Scraped caption text data
Content starts

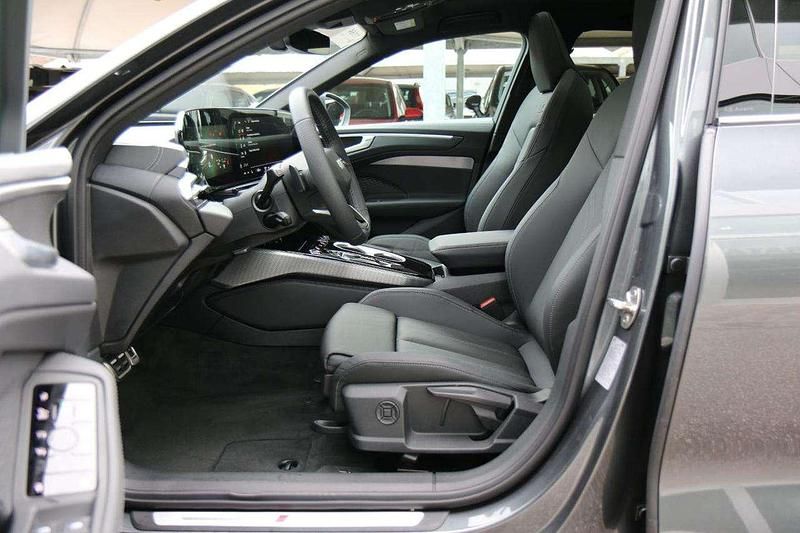 Nuova Audi A6 S-Line 204 CV (150 kW) 2025 Grigio scuro Station wagon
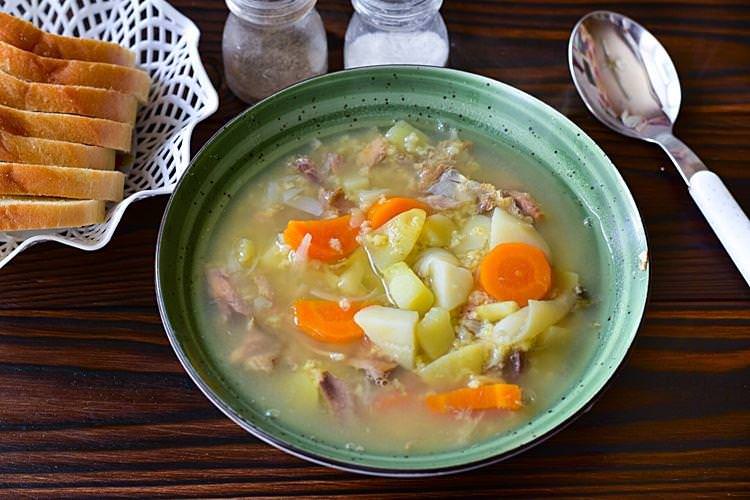 Рибний суп із консервованої горбуші з пшоном - рецепти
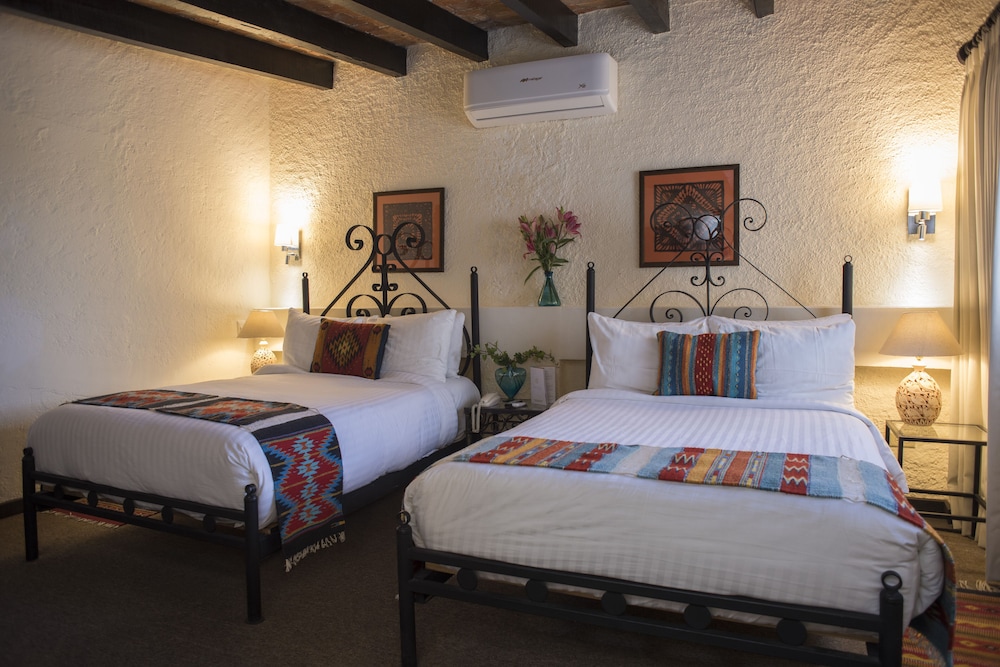 Master, Suite, 2 Double Beds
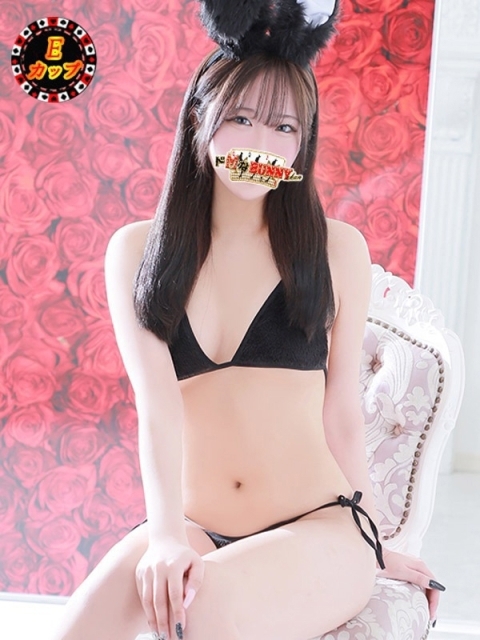 ニイナ4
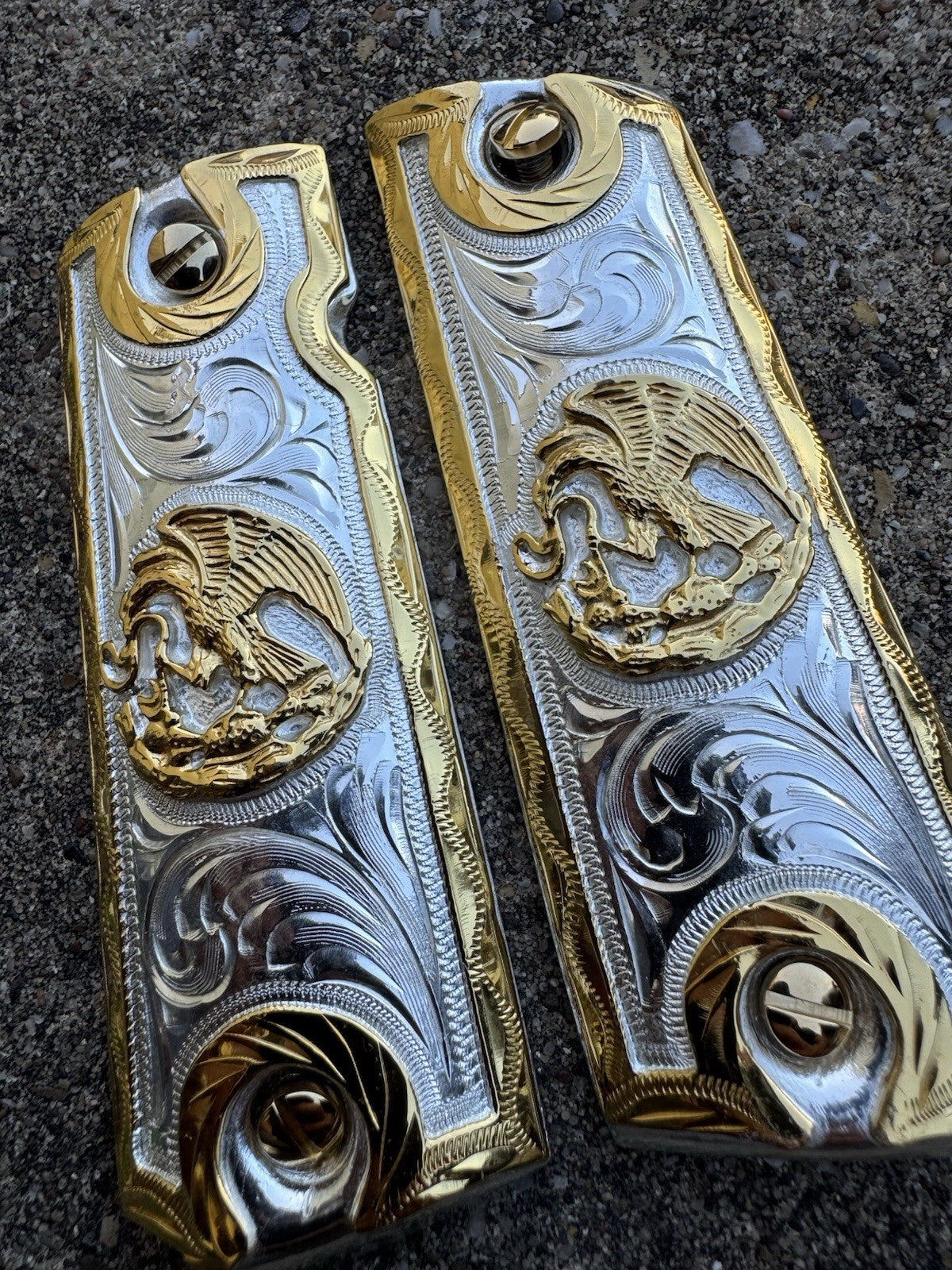 1911 45 38 Super Full Size Mexican Eagle Gold Gun Pistol Grip Cachas & 24K Screw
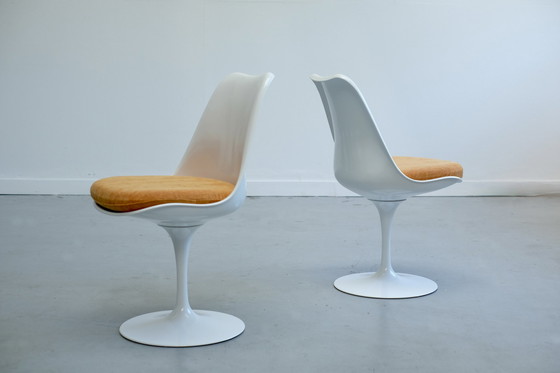 Image 1 of Set Of 8 Pivoting Tulip Chairs By Eero Saarinen For Knoll International - 1960S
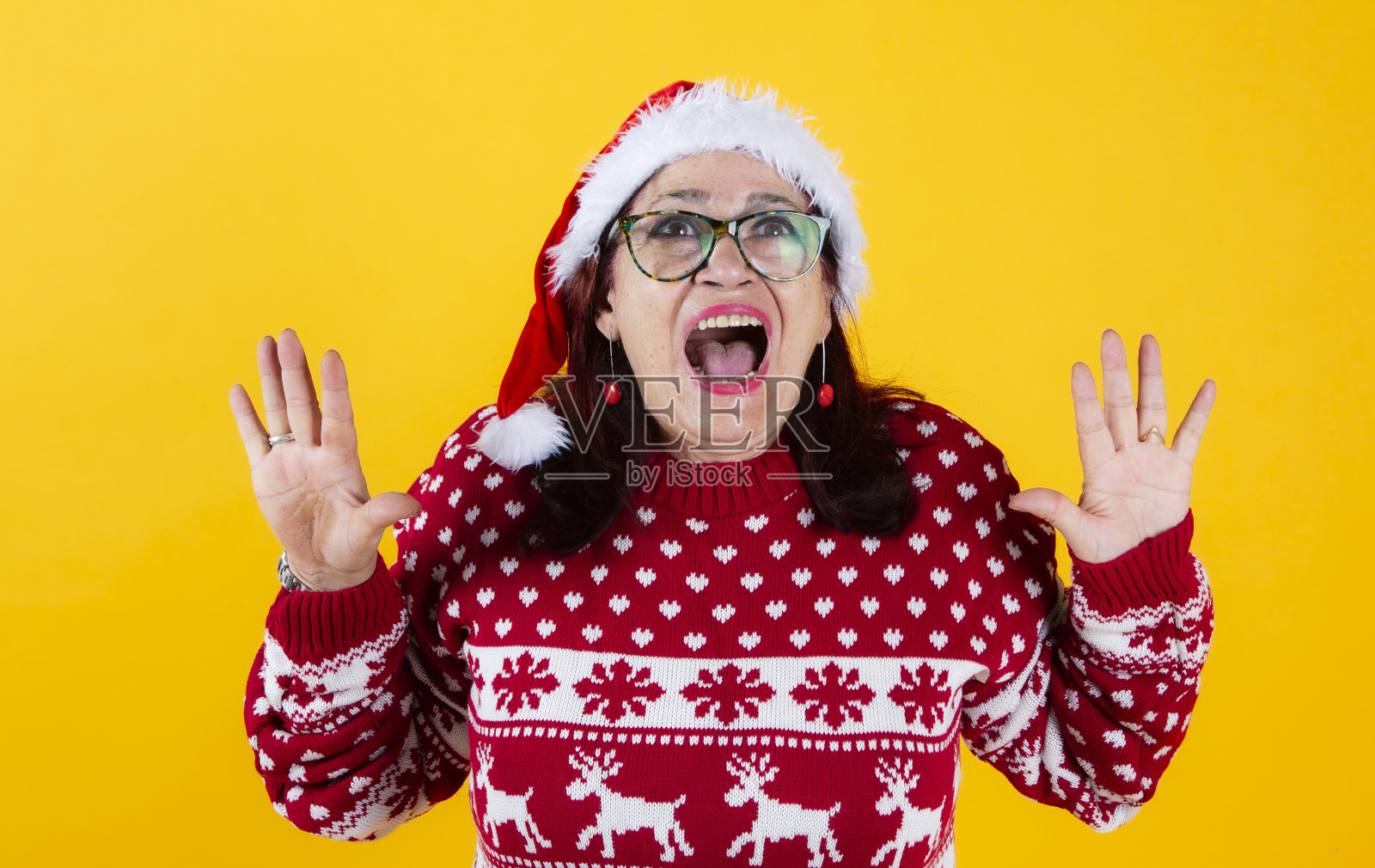 带着圣诞老人帽子的成熟女人照片摄影图片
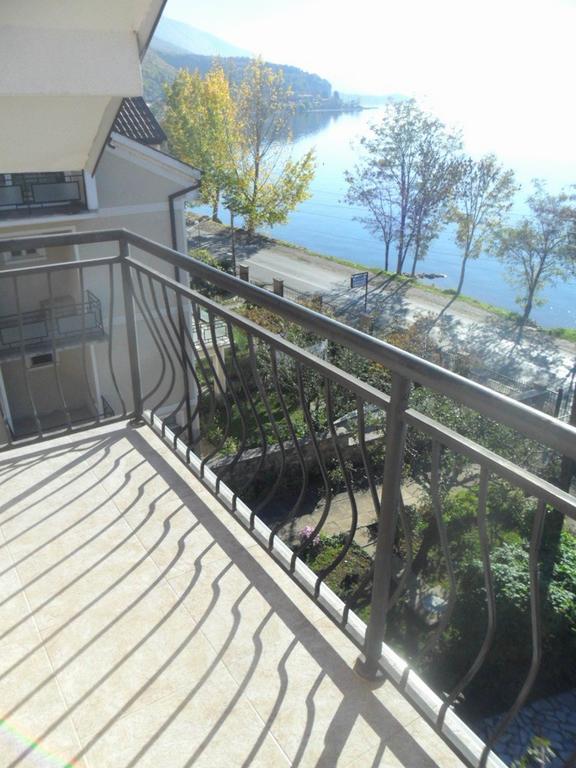 Guesthouse Zimovski เปสตานิ ภายนอก รูปภาพ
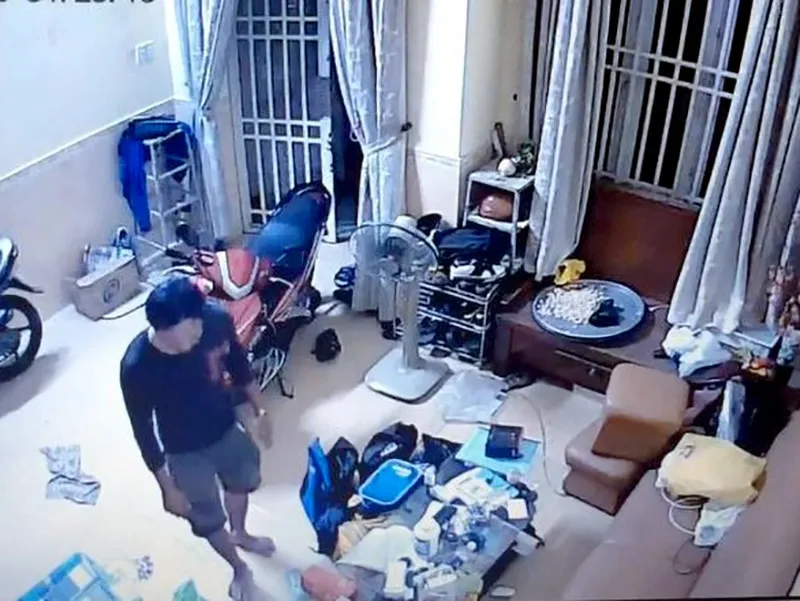 Hình ảnh từ camera an ninh ghi lại lúc Tâm đột nhập vào nhà lấy tài sản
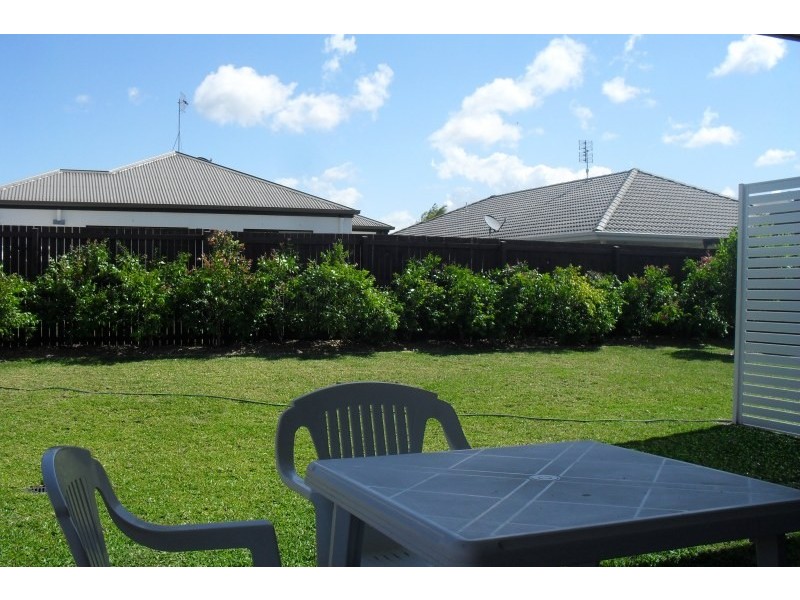 10 Oakbridge Way, Peregian Springs QLD 4573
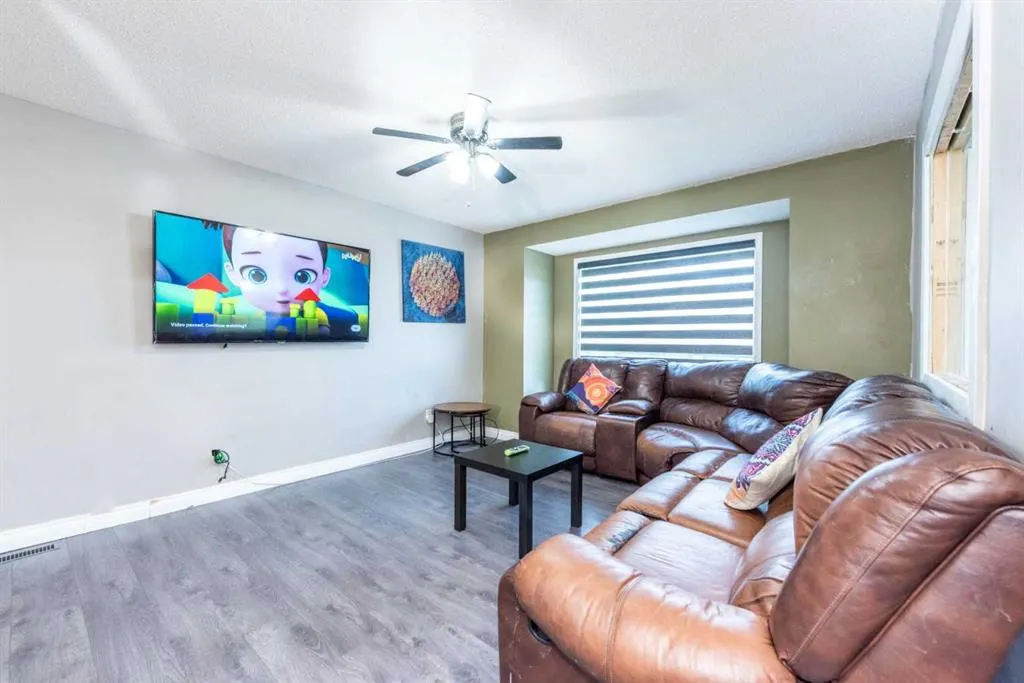 229 Martinglen Way NE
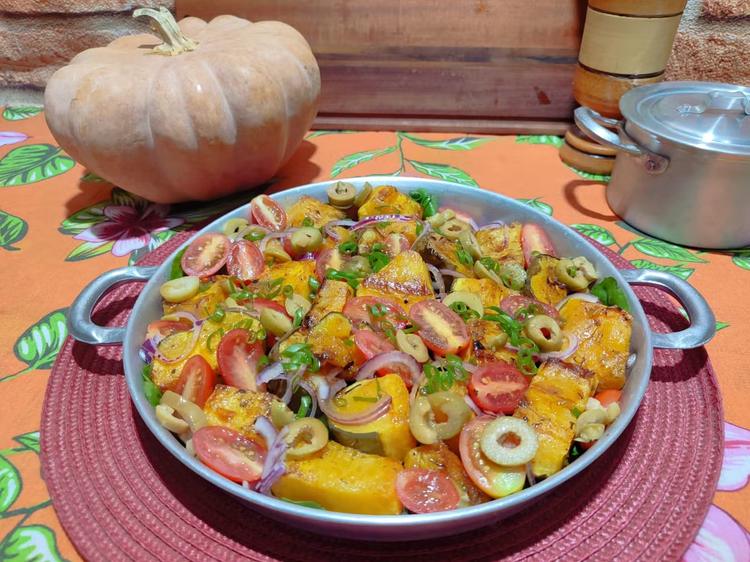 Aprenda a fazer salada rústica de jerimum assado com molho agridoce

Content ends

→ **Instructions to follow**: Your answer must be the records exactly as they stand, with no pictures in it.

→ **Solution to this exercise**:
 Nuova Audi A6 S-Line 204 CV (150 kW) 2025 Grigio scuro Station wagon
 Рибний суп із консервованої горбуші з пшоном - рецепти
 Master, Suite, 2 Double Beds
 ニイナ4
 1911 45 38 Super Full Size Mexican Eagle Gold Gun Pistol Grip Cachas & 24K Screw
 Image 1 of Set Of 8 Pivoting Tulip Chairs By Eero Saarinen For Knoll International - 1960S
 带着圣诞老人帽子的成熟女人照片摄影图片
 Guesthouse Zimovski เปสตานิ ภายนอก รูปภาพ
 Hình ảnh từ camera an ninh ghi lại lúc Tâm đột nhập vào nhà lấy tài sản
 10 Oakbridge Way, Peregian Springs QLD 4573
 229 Martinglen Way NE
 Aprenda a fazer salada rústica de jerimum assado com molho agridoce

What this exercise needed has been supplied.